Tuesday, March 1, 2011

Pizza, Pizza, Pizza

Have I ever met anyone who didn't like pizza? I don't think so. Why is that? I don't know. Is it important? Maybe, maybe not. In any case, it is not the topic of this blog. Pizza is one of the few dishes my very picky 3-year old actually eats. Well, he eats the crust, anyway. Our pizza is always homemade. I make the dough in my bread machine, and then we put whatever topping we like. We have only sampled pies from in-town pizzerias on various kids' birthday parties - but they just don't do the pizza the way we like it. There's just something about the tomato sauce on bought pizza that I don't like. And they usually put way too much of it which makes the pizza soggy. Before we moved here, we had never heard of Greek pizza places either but they seem to be quite popular in this area. (Why don't you serve Greek food, by the way? It's one of my favorite cuisines - I already start drooling, thinking about moussaka or roast leg of lamb...)  We did like the pizza at Pizzeria Paradiso in Northampton, though. Another joint in that same town has probably the worst pizza I have ever eaten. I won't name the place here, of course. The amazing thing is, that that place is super popular and always crowded. Go figure. I guess my European taste buds just don't take to pizza that seems to be deep fried instead of baked. Well, here is how HubbyGrouch and me like our pizza. I only have to add that this recipe uses the metric system but I tried to convert it to US units.

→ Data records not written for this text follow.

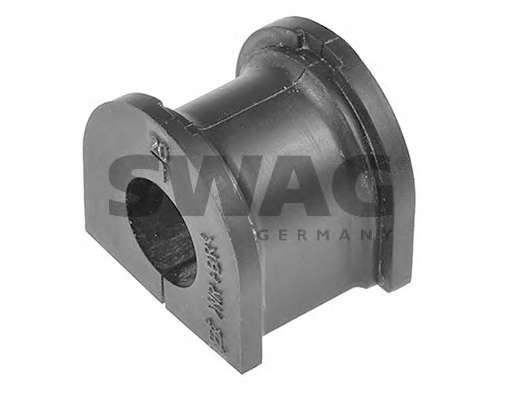 Опора, стабилизатор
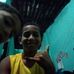 Profile Picture of Angelo Victor (@angelo.victor.5895) on Facebook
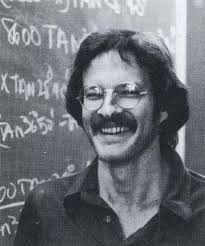 Windward Magazine Summer 2022 by Windward School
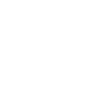 Every Day is Chocolate Cake Day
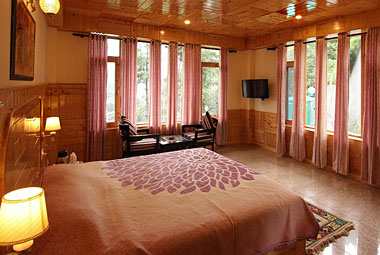 manali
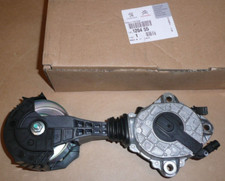 TENDEUR DE POMPE A EAU POUR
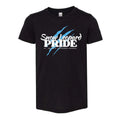 Gildan® 64000B Softstyle® Youth/adult T-Shirt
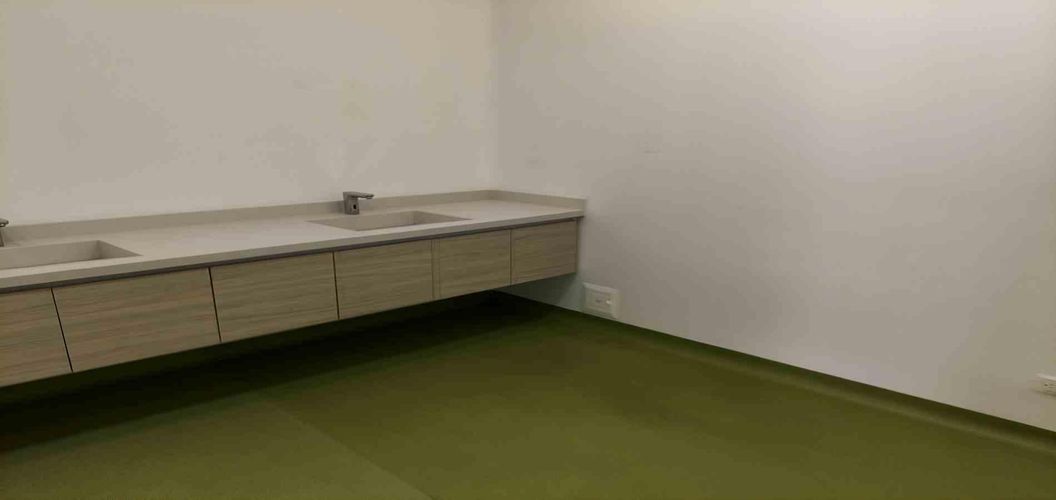 Local en arriendo en Fundadores, Armenia, 180 m² · foto 16 de 23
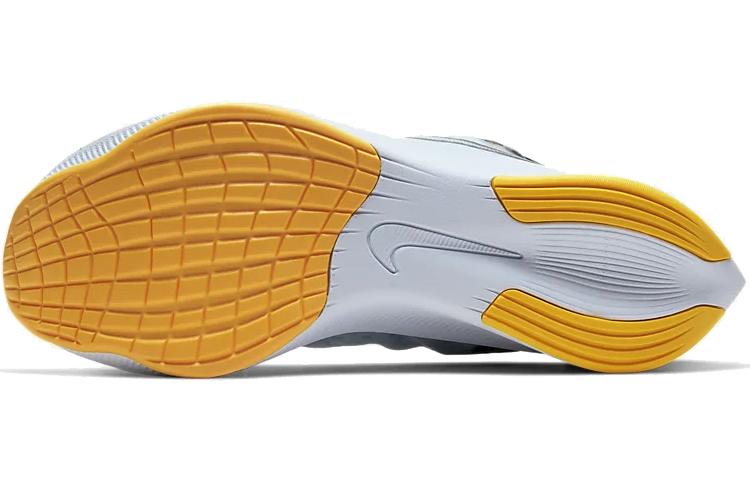 Nike Zoom Fly 3 White AT8240-102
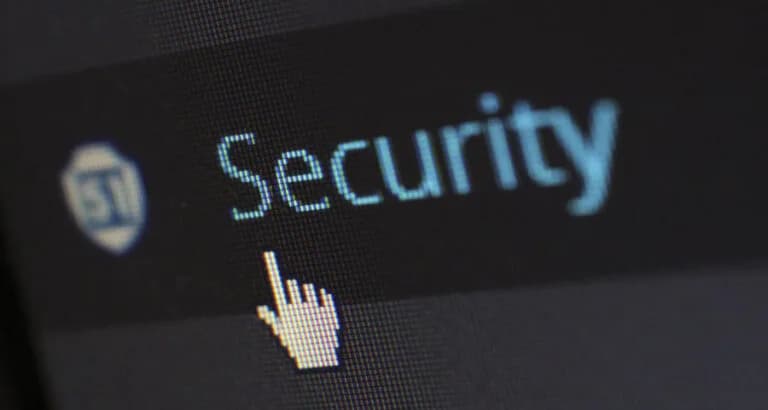 Armata Cyber Security Launches Advanced Security Operations Centre to Service South African Organisations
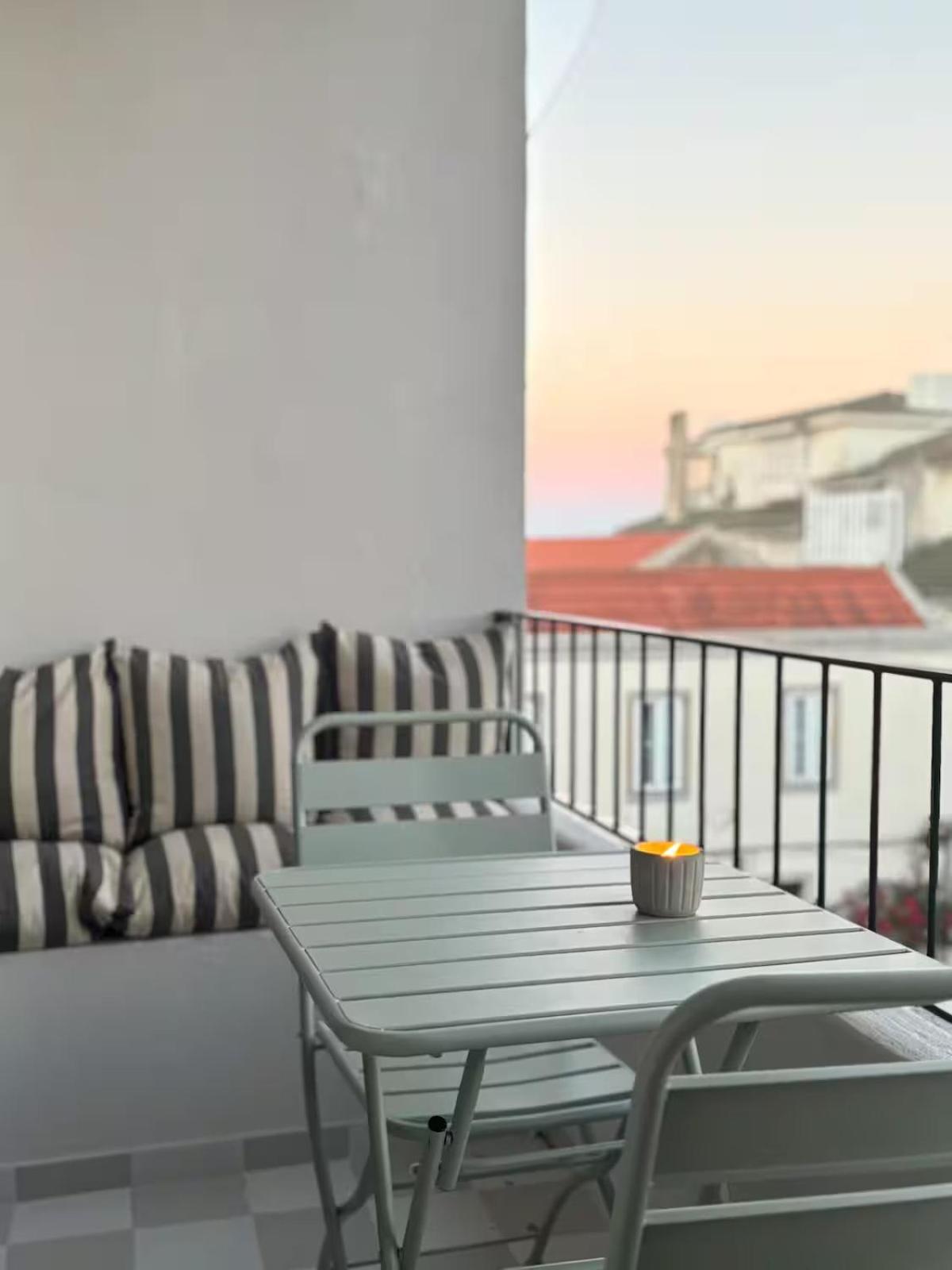 Apartment Rookiec Two Bedroom Peaceful Location Old Town Ac *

Feta-Olive-Rosemary & Salami-Mozzarella Pizza
Ham-Olive-Caper-Mozzarella & Salami-Mozzarella Pizza

(makes two 12.5 inch pizzas)
250 ml (1 cup plus 1 tbsp) lukewarm water
1 tsp salt
1 tsp sugar
1 tbsp olive oil
375 g (2 1/2 cups) bread flour
2 1/4 tsp active dry yeast
olive oil in spray bottle
corn meal (or polenta) in a salt shaker
1  8oz can tomato sauce
freshly ground black pepper
pizza seasoning (or Italian seasoning or oregano)
dried crushed rosemary
6 slices genoa or hard salami
black or green olives, pitted and halved
1-2 oz ham (in cubes or slices cut into 2 inch  pieces)
1/2 tsp capers
1  8oz ball fresh mozzarella
2-3 oz crumbled feta cheese

If using a bread machine, use the (pizza) dough setting. Add the water, salt, sugar, oil, flour and yeast in the machine specific order to the bucket and start the program. If you don't have a bread machine, place flour in a large bowl. Push it to the sides from the center, forming a pit. Add water, salt, sugar, oil and yeast, and mix, slowly incorporating all the flower. Knead 15-20 minutes until dough is smooth. Cover bowl and let rest until dough volume is about doubled. Spray oil onto two 12.5 inch pizza dishes. Sprinkle corn flour onto pizza dishes (this makes the pizza crustier). Divide dough into 2 parts. On a lightly floured surface, roll each dough into 12.5 inch round. Press into pizza pans. Put oven racks on 2nd and 4th position from bottom. Preheat oven to 450°F. Divide tomato sauce and spread onto both pizzas. Season with herbs and pepper, using rosemary for half a pizza. To the half with rosemary, add olives and feta cheese. Spread ham, capers and olives on another pizza half. Use 3 slices of salami for each of the remaining halves. Slice mozzarella and use for salami and ham pizza. Bake pizzas staggered for about 12 minutes (one in far right, one in near left corner of rack), using both racks (pizza pans should overlap as little as possible for best air circulation). Switch positions after half the time. Cut into slices and serve.